Bangladesh e-Government Computer Incident Response Team
- Seal of BGD e-Gov CIRT
- Abbreviation: BGD e-Gov CIRT
- Formation: 2016; 10 years ago
- Founder: Government of People's Republic of Bangladesh
- Founded at: Bangladesh
- Type: Computer emergency response team
- Legal status: Active
- Purpose: cybersecurity, response to cybersecurity incidents, internet security awareness, capacity building
- Fields: Cybersecurity
- Official language: Bangla, English
- Project director: Mohammad Saiful Alam Khan
- Main organ: Bangladesh Computer Council
- Affiliations: Ministry of Posts, Telecommunications and Information Technology
- Website: cirt.gov.bd

= Bangladesh e-Government Computer Incident Response Team =

National cybersecurity agency of Bangladesh

The Bangladesh e-Government Computer Incident Response Team (BGD e-Gov CIRT; বাংলাদেশ ই-গভর্নমেন্ট কম্পিউটার ইনসিডেন্ট রেসপন্স টিম) is the state-run agency of the government of Bangladesh responsible for maintaining cybersecurity in the country.

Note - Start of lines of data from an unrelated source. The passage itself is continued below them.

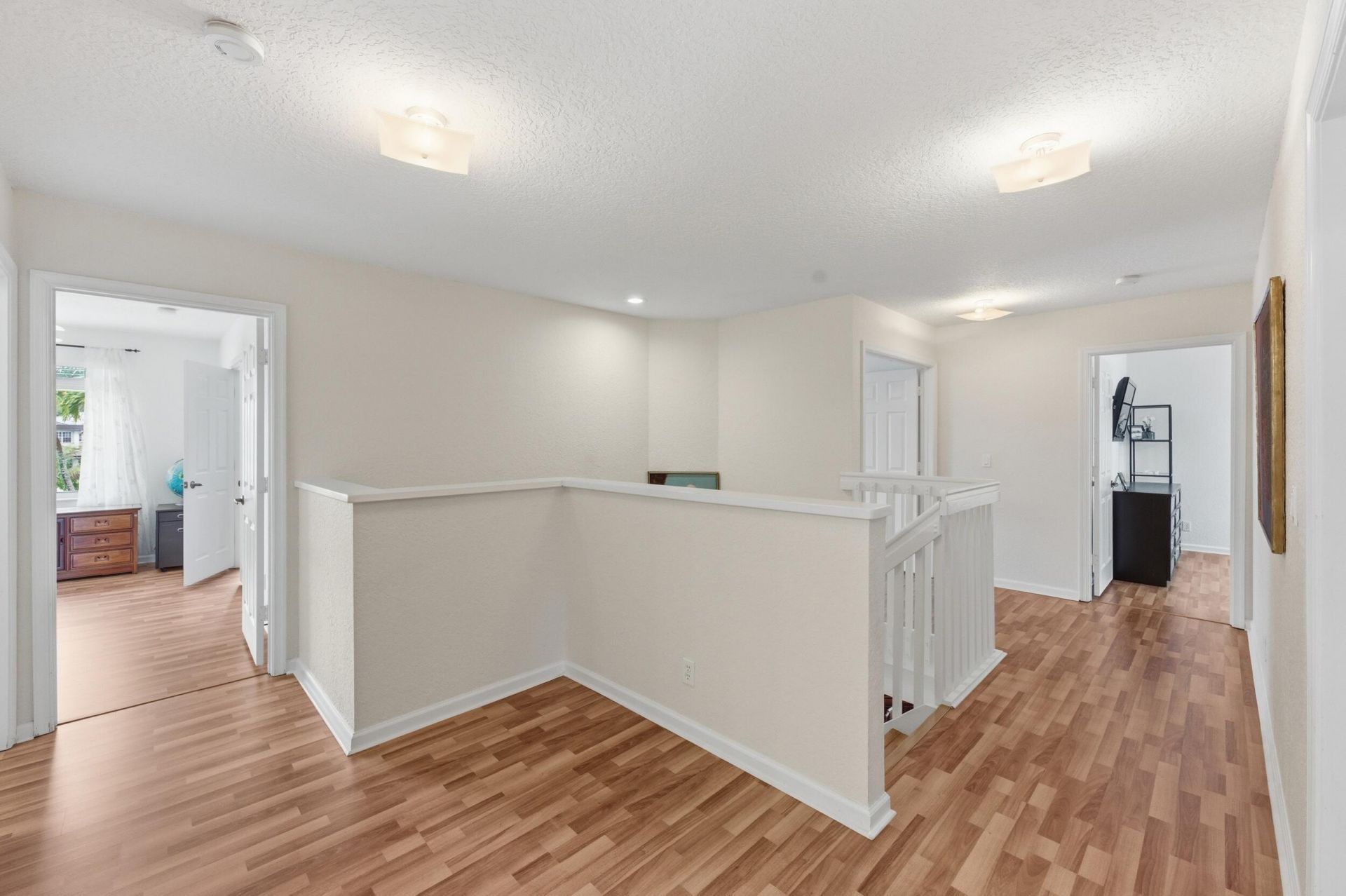 648 SW 168th Terrace, Pembroke Pines, FL 33027 Photo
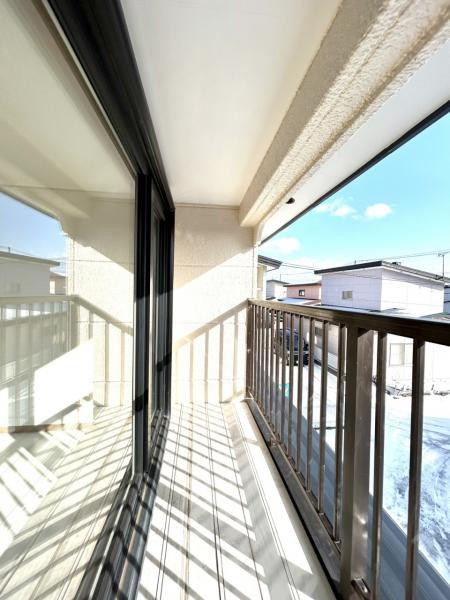 detached 北海道登別市鷲別町５丁目
地図を見る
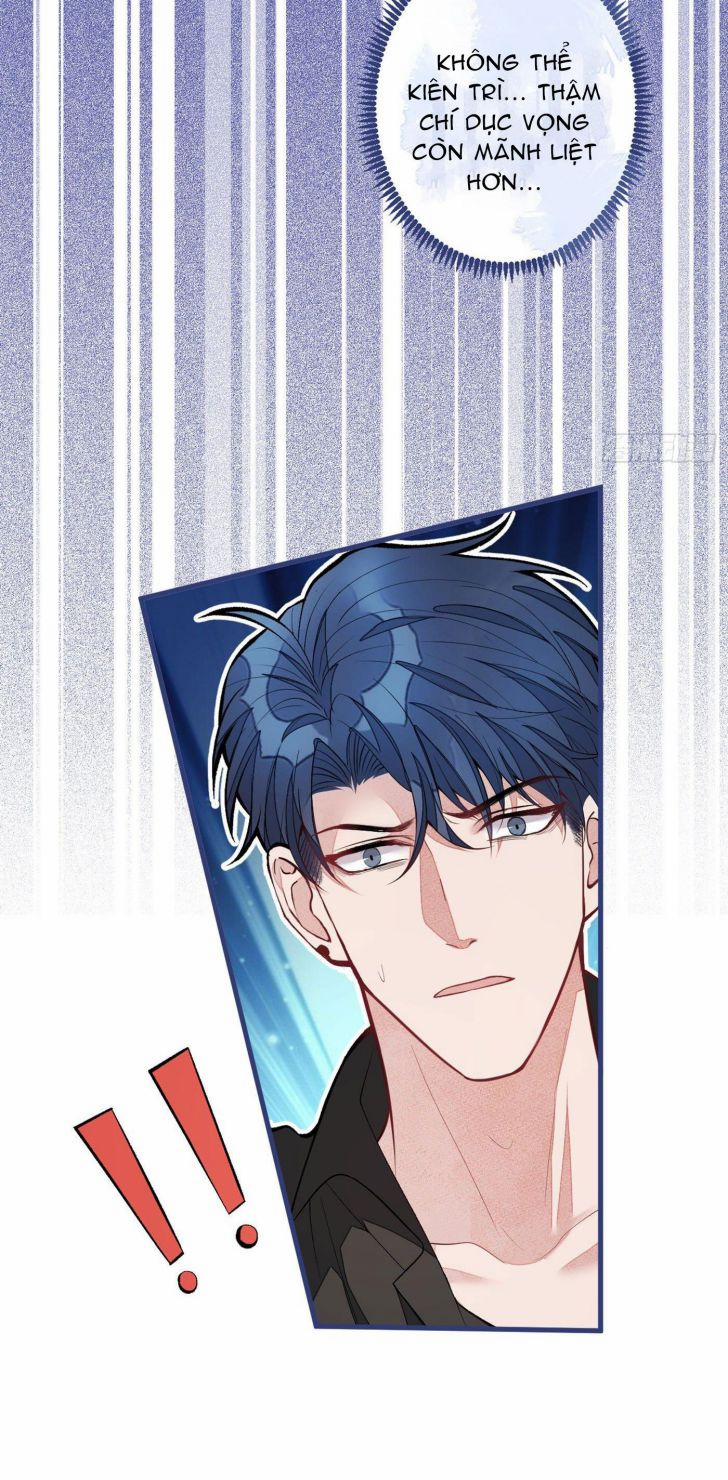 Lại Bị Nam Thần Trêu Lên Hot Search 63 trang 39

Works under the Ministry of Posts, Telecommunications and Information Technology, it is the national computer emergency response team (CERT) with prim focus on receiving and reviewing, and responding to cybersecurity incidents in the country.

BGD e-Gov CIRT conduct research in the field of cybersecurity and issues advisory on security-oriented vulnerabilities in coordination with various government and non-government organizations, including critical infrastructures, financial organizations, law enforcement agencies, academia and civil society. It works within its framework for providing assistance for the improvement of national defense system of Bangladesh. It has maintained a network with foreign organizations and communities for transborder cybersecurity-related matters.

== Service components ==
BGD e-Gov CIRT has 8 active service components designed for various cybersecurity matters, including computer systems, networks, capacity building and internet security awareness among others.
- Incident Handling Unit
- Digital Forensic Unit
- Cyber Awareness and Capacity Building Unit
- Cyber Sensor Unit
- Cyber Range Unit
- Cyber Risk Assessment Unit
- Critical Information Infrastructure Unit
- Cyber Audit Unit

== History ==
It was originally introduced by the Bangladesh Computer Council (BCC) in 2015 under the supervision of the now defunct LICT Project. BGD e-GOV CIRT became operational in February 2016 and was formally established by the federal government after the Bangladesh Bank robbery incident took place.

It also signed a memorandum of understanding (MoU) with the government of India's Ministry of Electronics and Information Technology on 8 April 2017 and remained the member of the Indian Computer Emergency Response Team until 7 April 2022. It is also a permanent member of the OIC Computer Emergency Response Team. In September 2018 BGD e-Gov CIRT became a trusted introducer incorporated by the European Computer Incident Response Team.